Appeal from a judgment of the County Court of Albany County (Catena, J.), rendered November 20, 2001, convicting defendant upon his plea of guilty of the crimes of assault in the second degree (10 counts), criminal possession of a weapon in the third degree (10 counts), coercion in the first degree (three counts) and unlawful imprisonment in the first degree.
Initially, inasmuch as defendant did not move to withdraw his plea or vacate the judgment of conviction, he has not preserved his challenge to the sufficiency of the plea allocution (see People v Teague, 295 AD2d 813, 814 [2002], lv denied 98 NY2d 772 [2002]; People v Kemp, 288 AD2d 635, 635 [2001]). We do not find that defendant’s factual recitation negates essential elements of the crimes to which he pleaded guilty so as to present an exception to the preservation requirement (see People v McWhite, 295 AD2d 757, 758 [2002]; People v Kemp, supra at 636). In any event, even if we were to consider defendant’s claim, we would find it to be without merit. “[A] plea allocution is generally sufficient where, as here, a defendant’s affirmative responses to County Court’s questions established the elements of the crimes charged and there is no indication in the record that the voluntary plea was baseless or improvident” (People v Kemp, supra at 636; see People v McWhite, supra at 758).
Defendant’s failure to move to withdraw his plea or vacate the judgment of conviction also precludes his challenge to the effectiveness of his counsel (see People v Washington, 3 AD3d 741, 742 [2004], lv denied 2 NY3d 747 [2004]).
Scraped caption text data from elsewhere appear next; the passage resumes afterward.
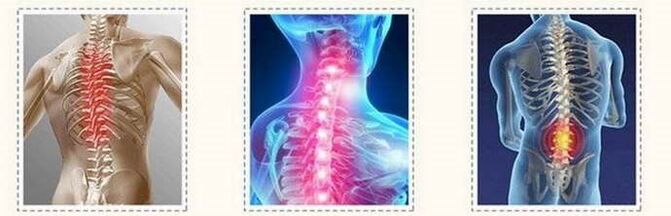 Osteochondrosis spinal lesions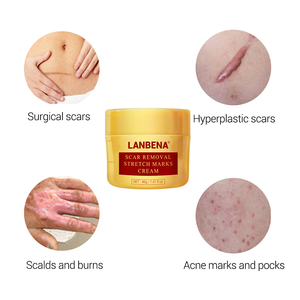 LANBENA stretch mark acné cicatriz eliminación crema pockmark de reparación - Product Image 5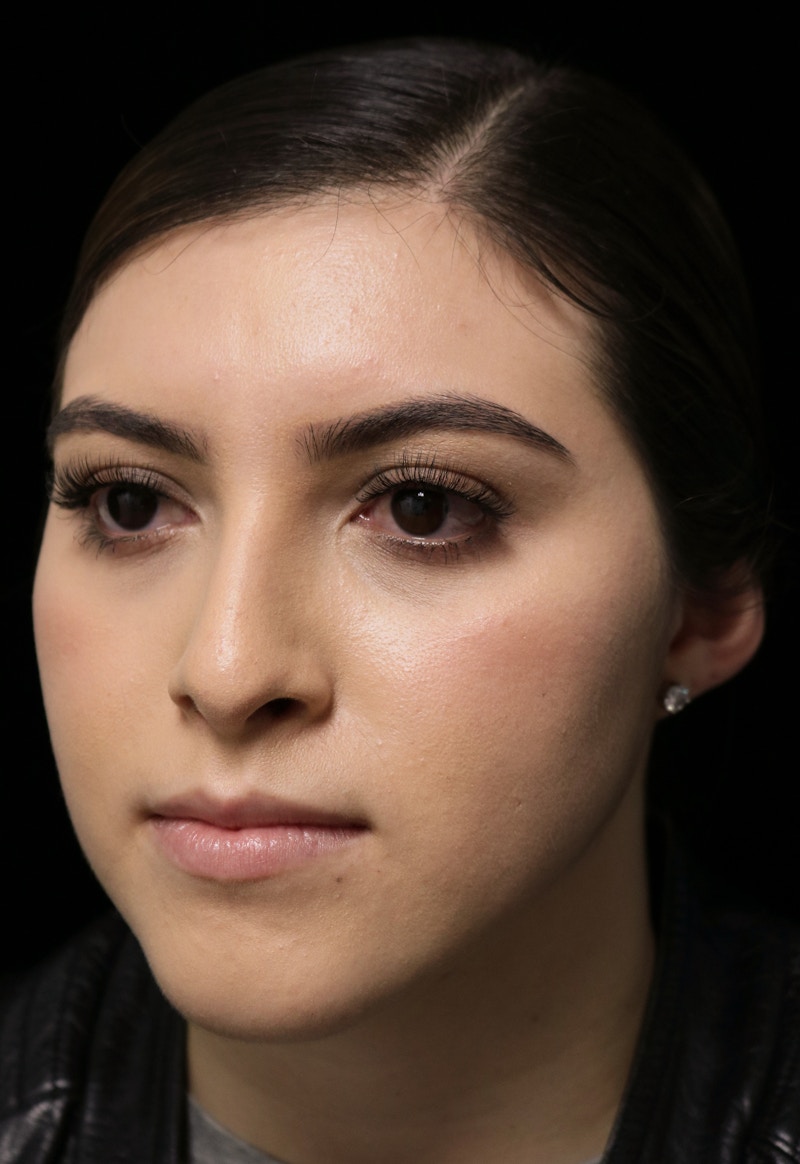 Beverly Hills Rhinoplasty Before & After Gallery - Patient 173138 - Image 10 Dr. Deepak Raj Dugar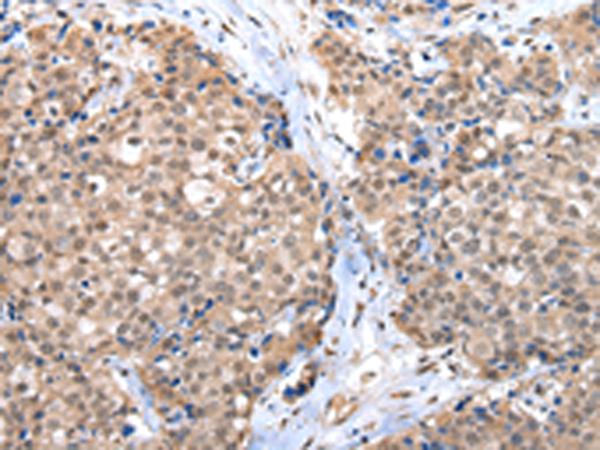 兔抗CTBP1多克隆抗体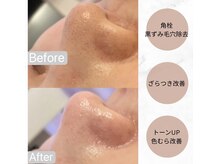 リンダ 西宮店(LINDA)の雰囲気（肌質改善&肌を土台から育てるサロン♪）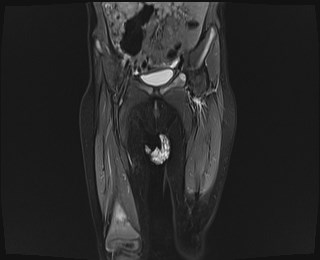 File:Neuroblastoma with bone metastases (Radiopaedia 67080-76414 Coronal STIR 7).jpg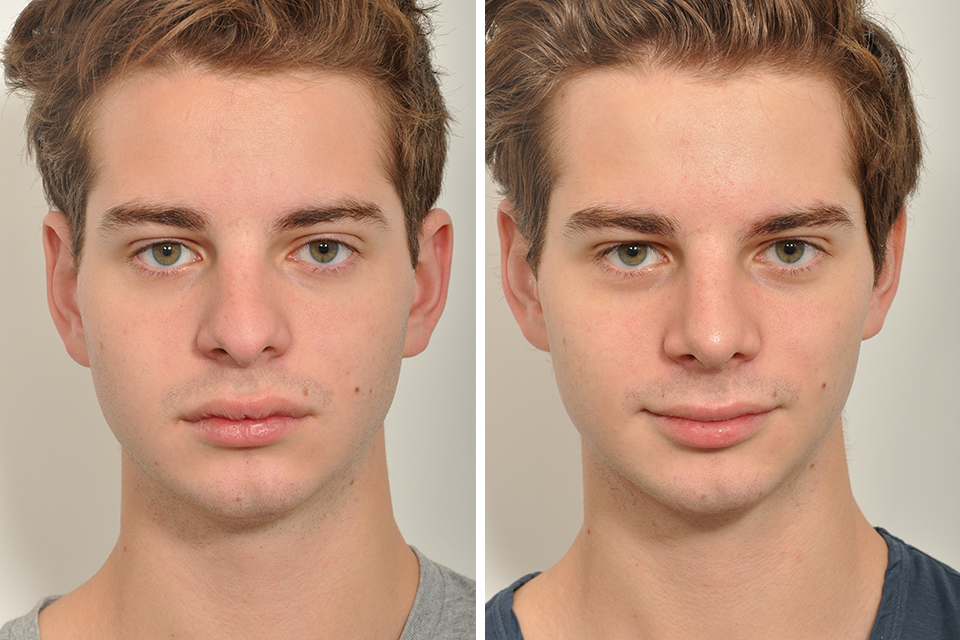 rhinoplasty-men-Rhinoplasty-154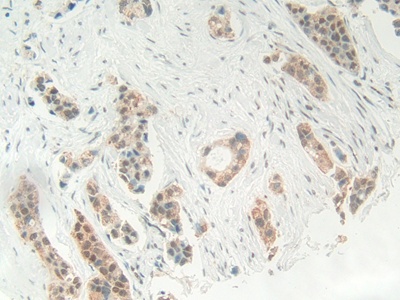 High Mobility Group Protein 1 (HMGB1) Human Polyclonal Antibody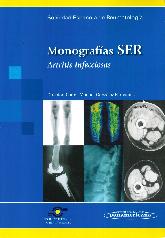 Monografas SER. Artritis Infecciosa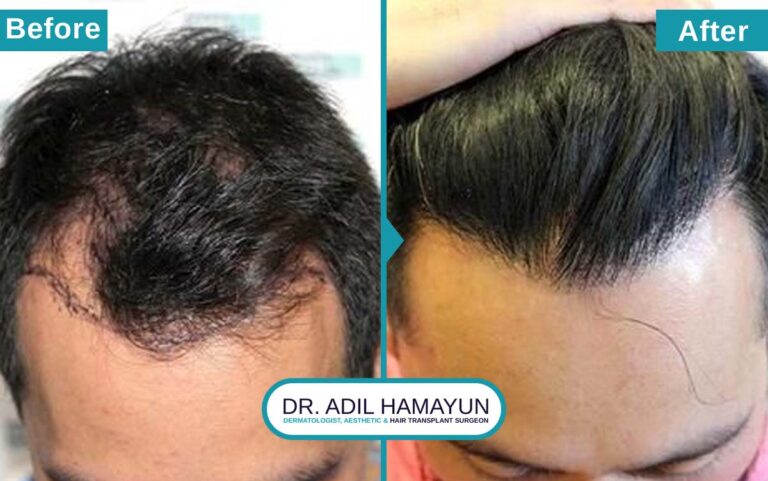 Best DHI Hair Transplant in Peshawar & Islamabad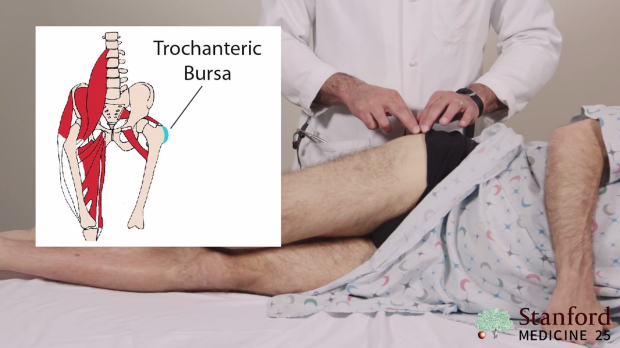 greater trochanteric bursitis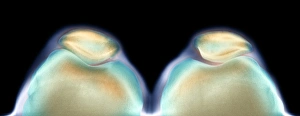 Drucke von Knöchelknochen. Farbige Röntgenaufnahme der Knöchelknochen eines gesunden Erwachsenenmannes aus oben gesehen bei gebogenen Kniegelenken Bilder Datiert 2004 Februar: Knöchelknochen, Röntgenbild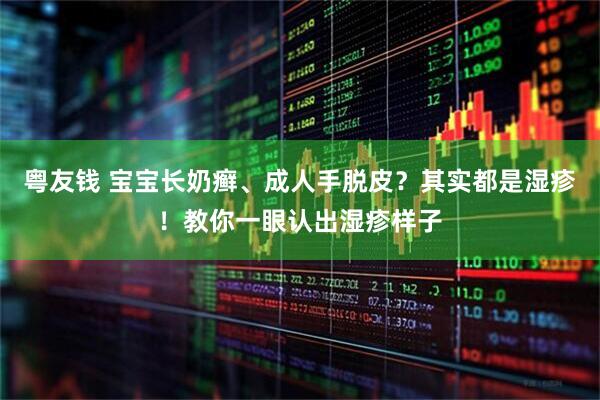 粤友钱 宝宝长奶癣、成人手脱皮？其实都是湿疹！教你一眼认出湿疹样子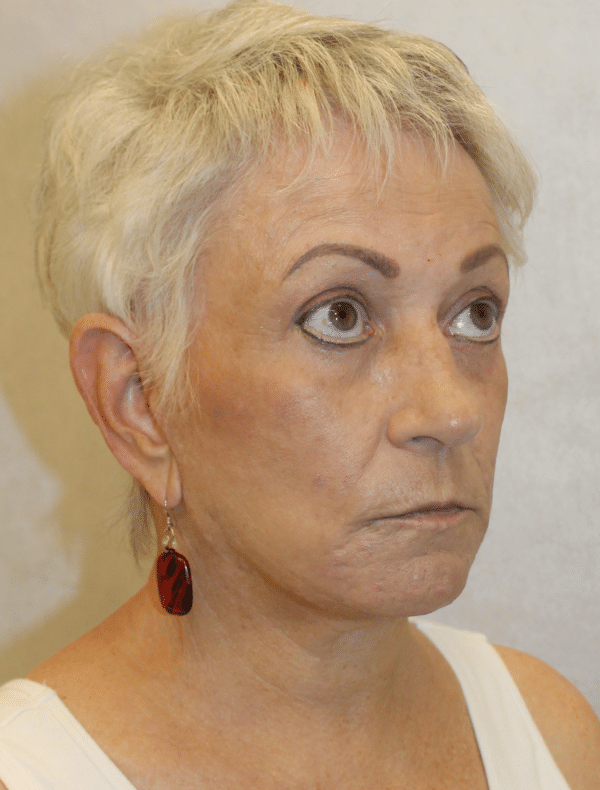 Facelift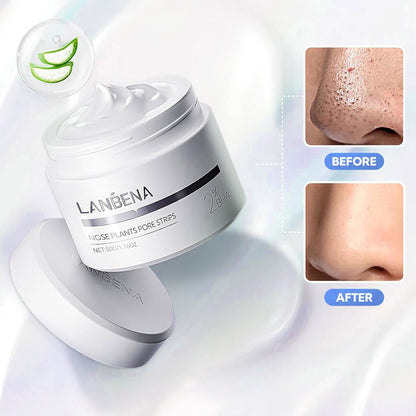 Lanbéna Blackhead Remover - Loréka Care
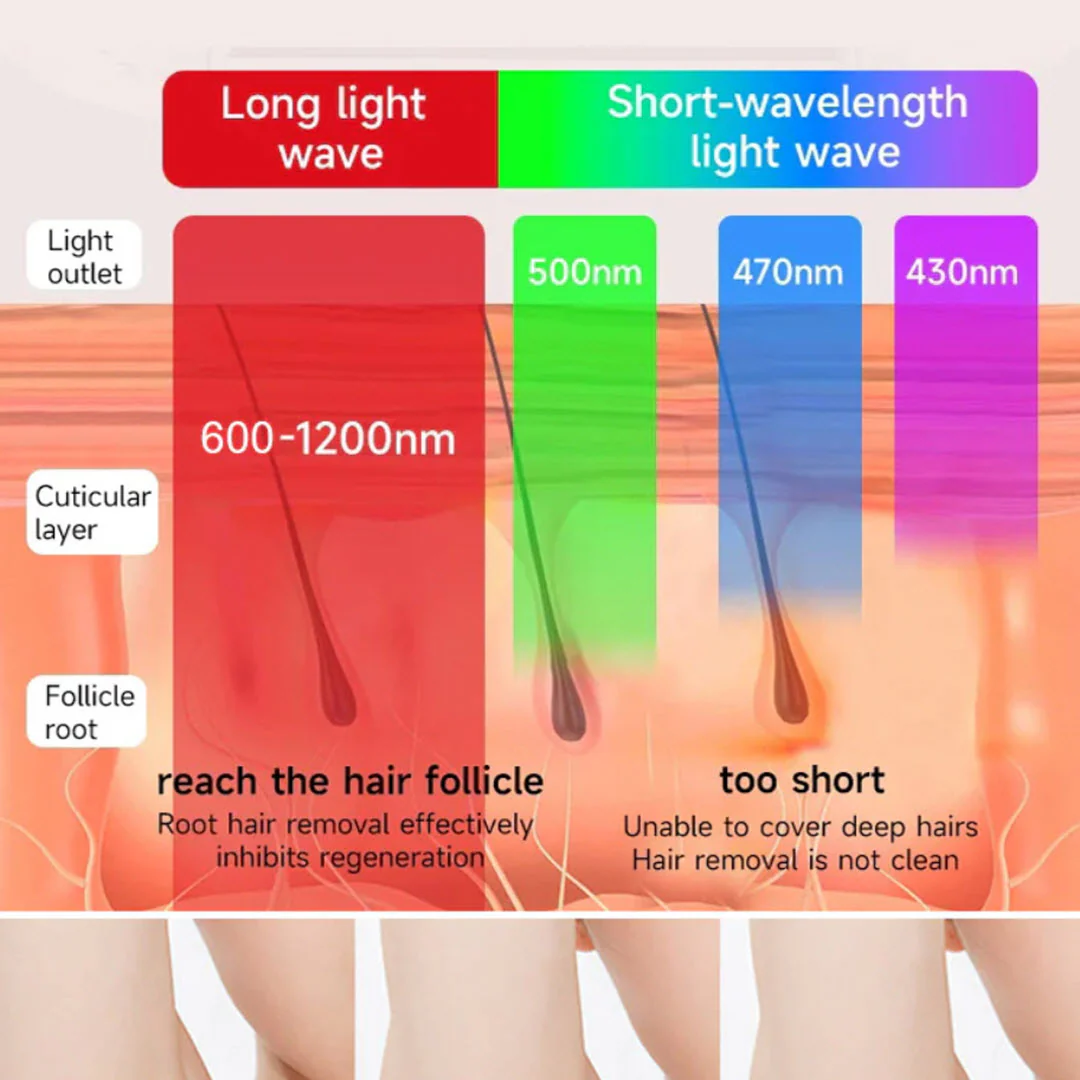 LuminaNRG® Numiere IPL Hair Removal with Ice Cooling - Image 4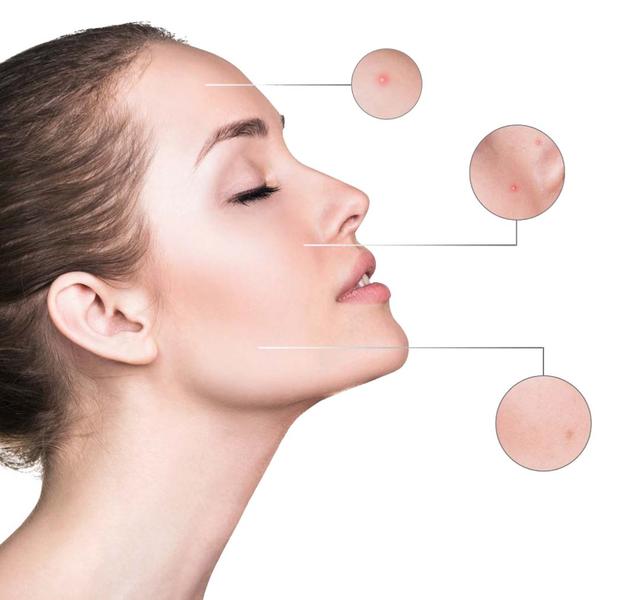 敏感肌自救指南：開啟溫柔呵護之旅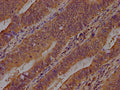 IHC image of CSB-PA002155LA01HU diluted at 1:400 and staining in paraffin-embedded human colon cancer performed on a Leica BondTM system. After dewaxing and hydration, antigen retrieval was mediated by high pressure in a citrate buffer (pH 6.0). Section was blocked with 10% normal goat serum 30min at RT. Then primary antibody (1% BSA) was incubated at 4°C overnight. The primary is detected by a biotinylated secondary antibody and visualized using an HRP conjugated SP system.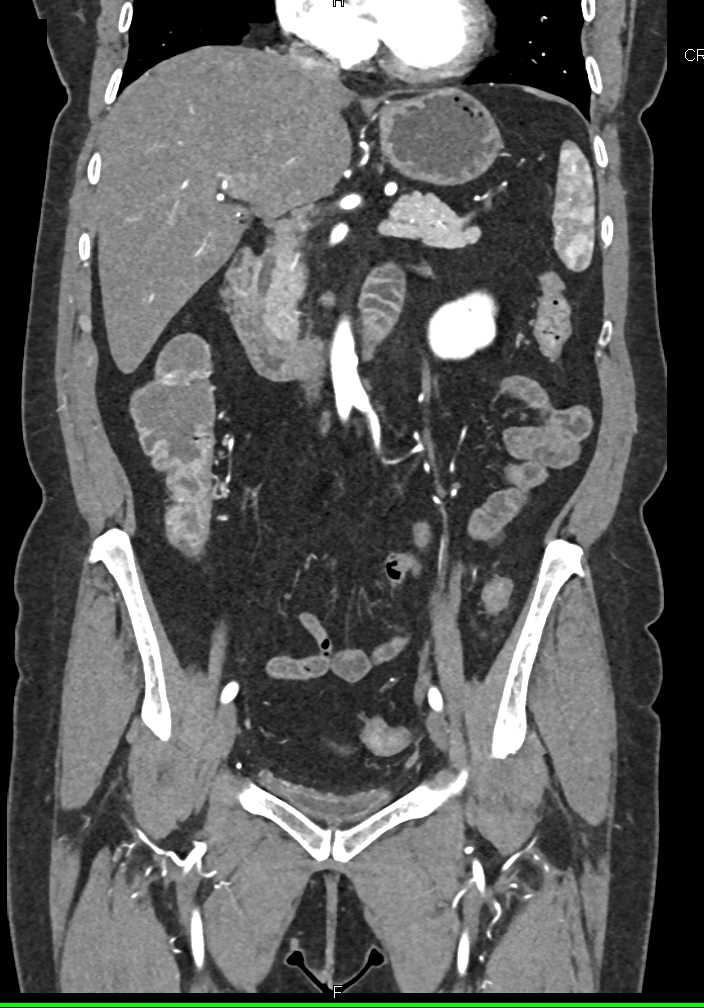 Colitis Right Colon - CTisus CT Scan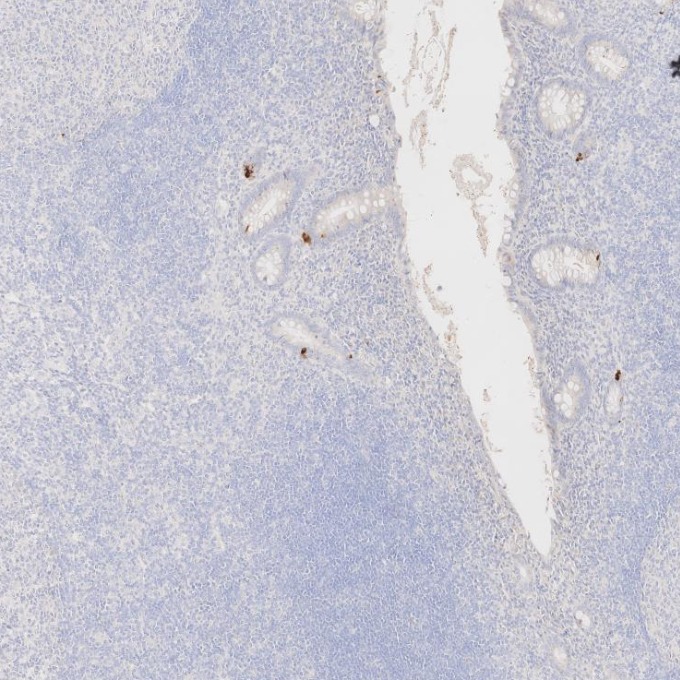 IHC staining of human appendicitis using 60135-2-Ig IHC staining of human appendicitis using 60135-2-Ig
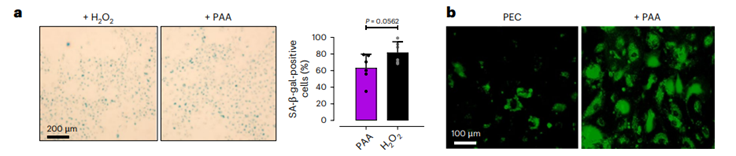 La Conexión Inesperada: Cómo las Bacterias Intestinales Envejecen Nuestras Arterias (y Cómo el Acetato Podría Revertirlo)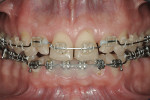 Figure 13  Final orthodontic tooth position. Note anterior open bite.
Defendant’s waiver of appeal was involuntary and, therefore, invalid. Defendant exercised his statutory right to plead guilty to the entire indictment (see CPL 220.10 [2]), without any promise from either County Court or the prosecutor respecting sentencing. Under these circumstances, it was improper for the court to require defendant to waive his right to appeal. Consequently, we will address defendant’s challenge to his sentence. Given defendant’s criminal history, his failure to take responsibility for his actions in his presentence interview and the brutal nature of his attacks on the victim, we cannot conclude that his sentence was unduly harsh or excessive.
Crew III, J.P., Spain, Mugglin and Rose, JJ, concur. Ordered that the judgment is affirmed.